Directions >> Every line from the one containing "[SOLD OUT] [정품/M] 나이키 스우시 사이드라인 블루파랑 트랙탑/져지" to the end of the records below should be returned exactly; pictures are to be dropped.

Task inputs >>
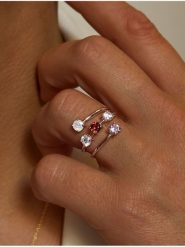 Les Petites Précieuses Srebrny pierścionek z kamieniami szlachetnymi rozmiar: 50. Czerwone pierścionki Les Petites Précieuses, z granatem, srebrne. Za 165.99 zł.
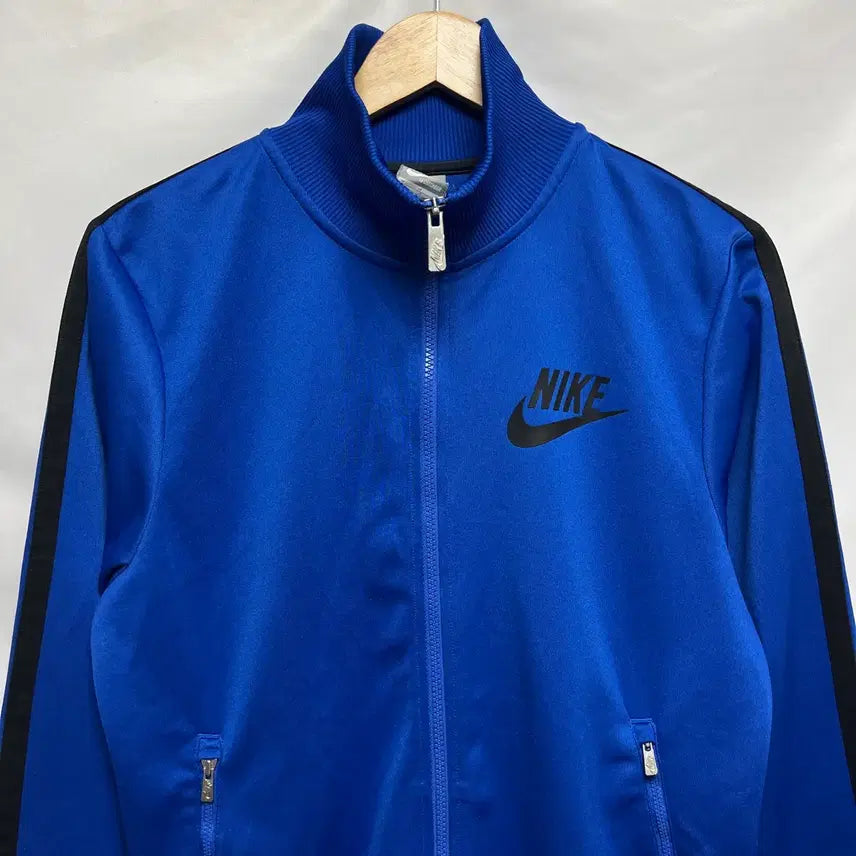 [SOLD OUT] [정품/M] 나이키 스우시 사이드라인 블루파랑 트랙탑/져지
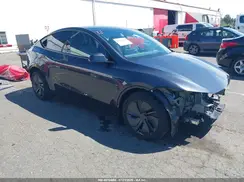 7SAYGDEE4TF604024 2026 TESLA MODEL Y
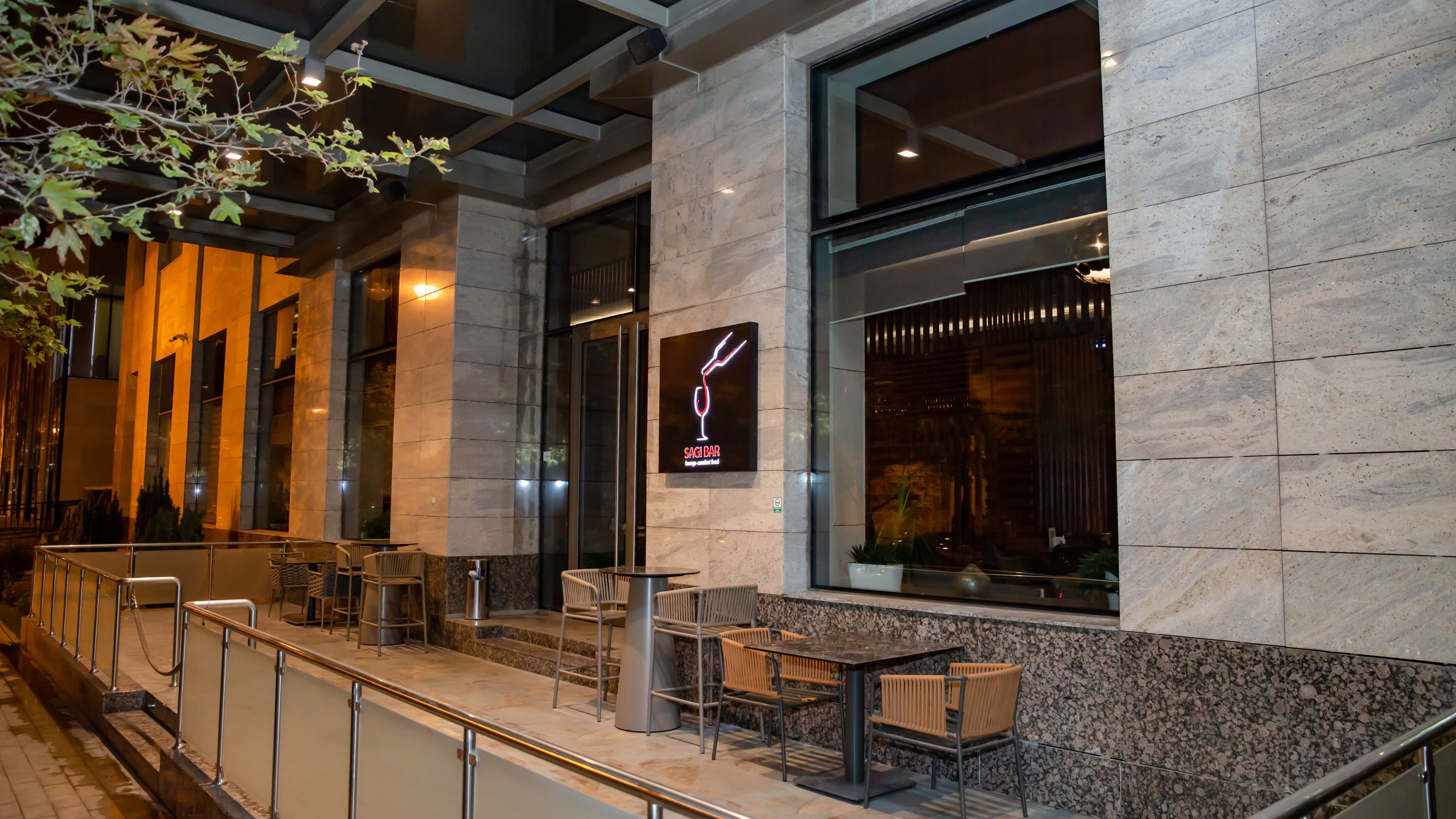 Holiday Inn Baku 9/59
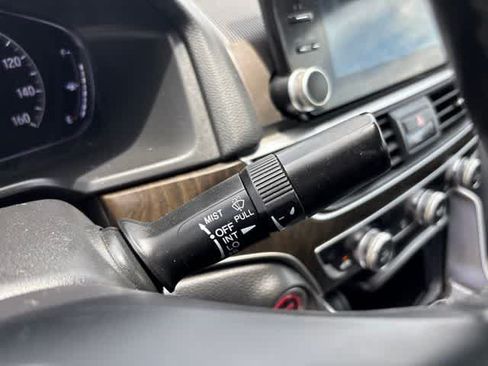 Used 2018 Honda Accord EX-L image 14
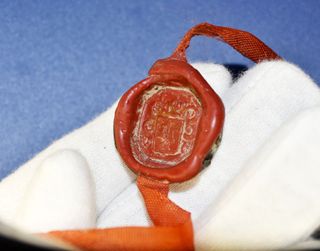 SELLO DE LACRE HERÁLDICO ANTIGUO.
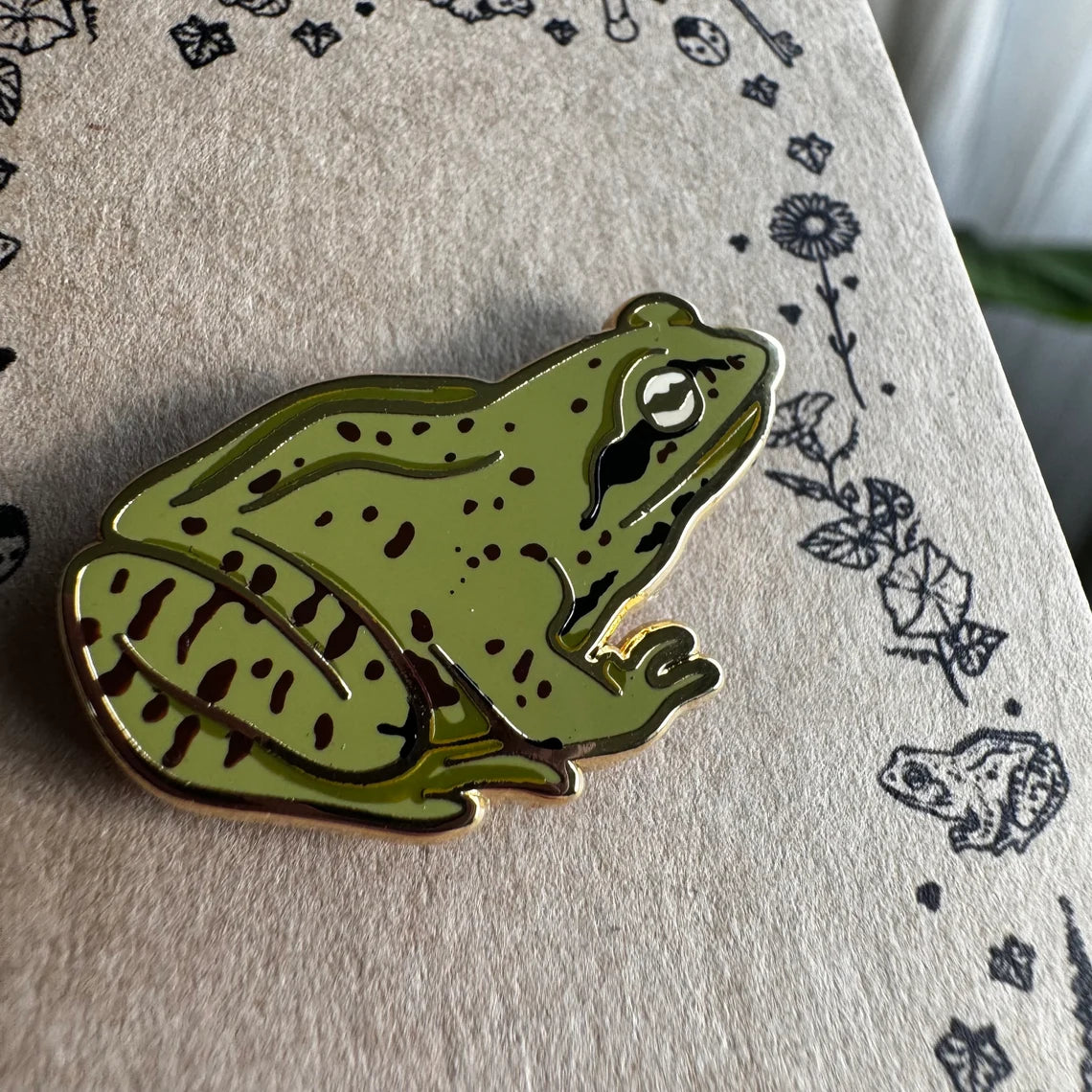 Frog - Enamel Pin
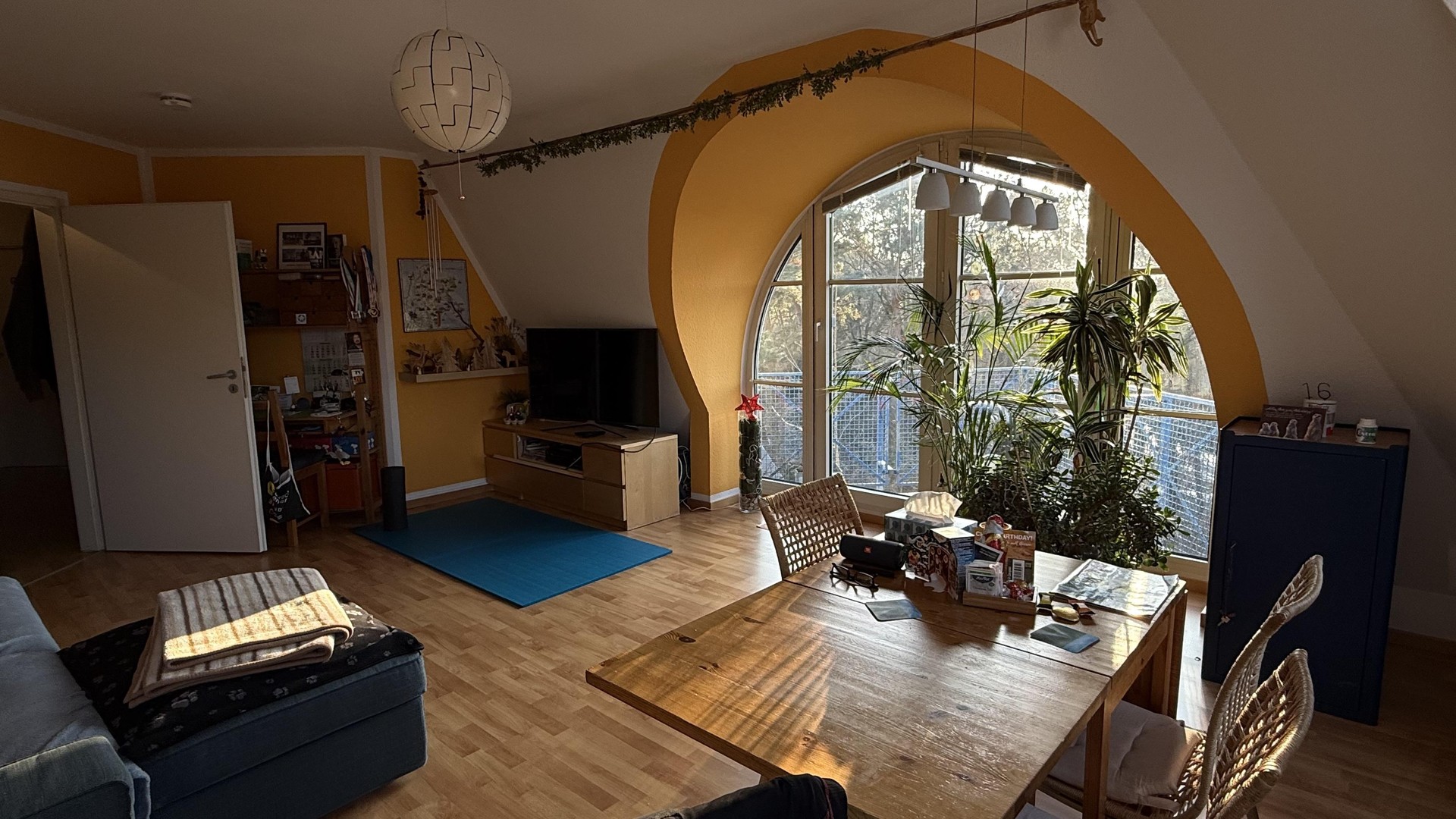 Ruhige 3 Zi Dachgeschosswohnung in gepflegter, grüner Anlage – Berlin – Vorschaubild 4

Solution >>
 [SOLD OUT] [정품/M] 나이키 스우시 사이드라인 블루파랑 트랙탑/져지
 7SAYGDEE4TF604024 2026 TESLA MODEL Y
 Holiday Inn Baku 9/59
 Used 2018 Honda Accord EX-L image 14
 SELLO DE LACRE HERÁLDICO ANTIGUO.
 Frog - Enamel Pin
 Ruhige 3 Zi Dachgeschosswohnung in gepflegter, grüner Anlage – Berlin – Vorschaubild 4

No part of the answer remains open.